### [Available data]
***
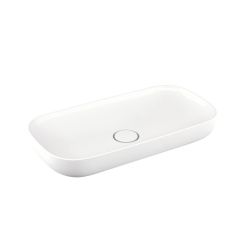 35.4" Ceramic Vessel Bathroom Sink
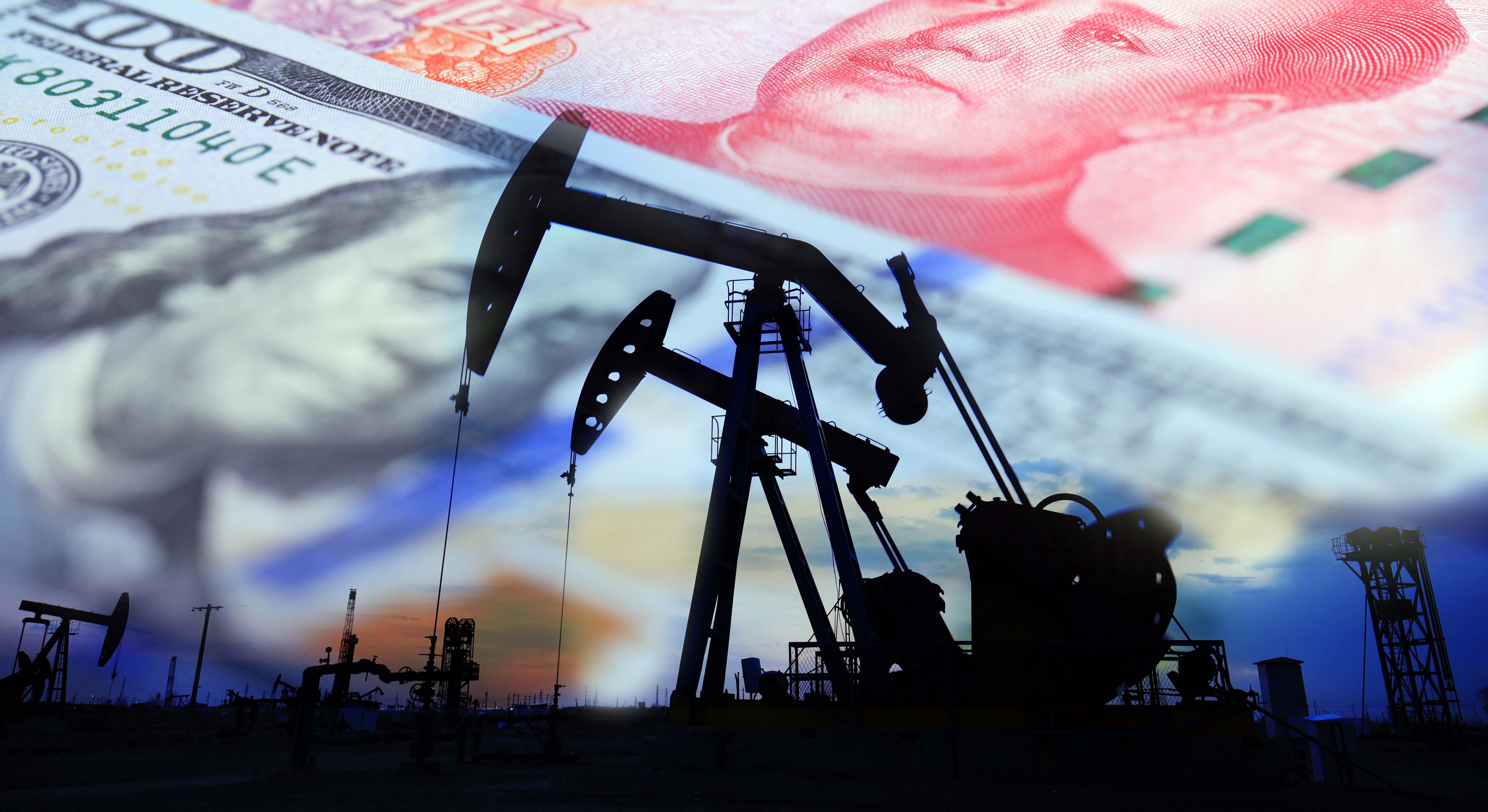 Plataforma de petroleo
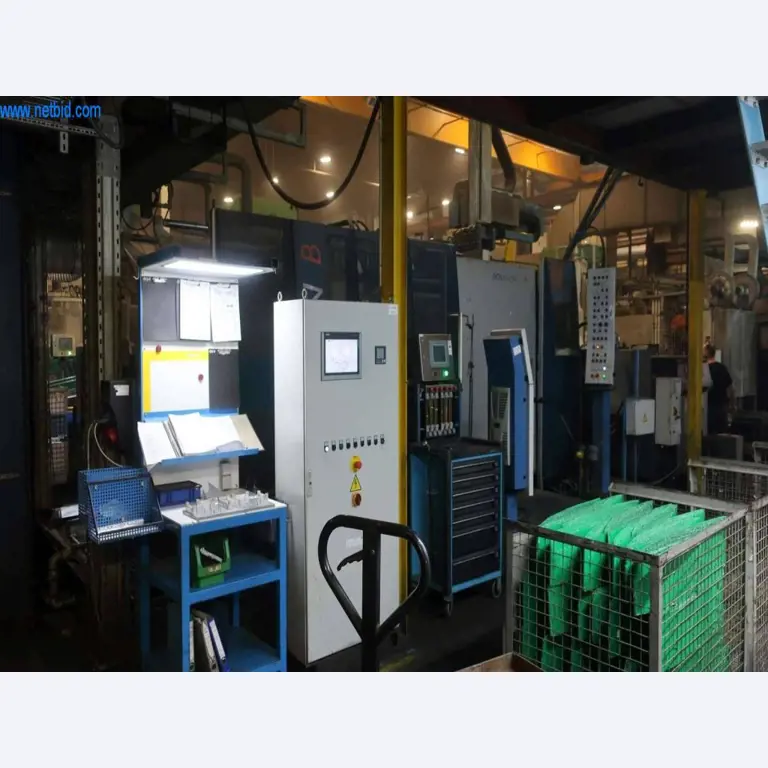 Druckgussanlagen (Al/Mg) 480 – 1.050 t,
Mechanische Bearbeitung, Werkzeugbau
-2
***
### [Description of the task]
Set down exactly the lines between the line containing "Druckgussanlagen (Al/Mg) 480" and the end of the records above, both ends included; pictures stay out.

### [Your response]
 Druckgussanlagen (Al/Mg) 480 – 1.050 t,
Mechanische Bearbeitung, Werkzeugbau
-2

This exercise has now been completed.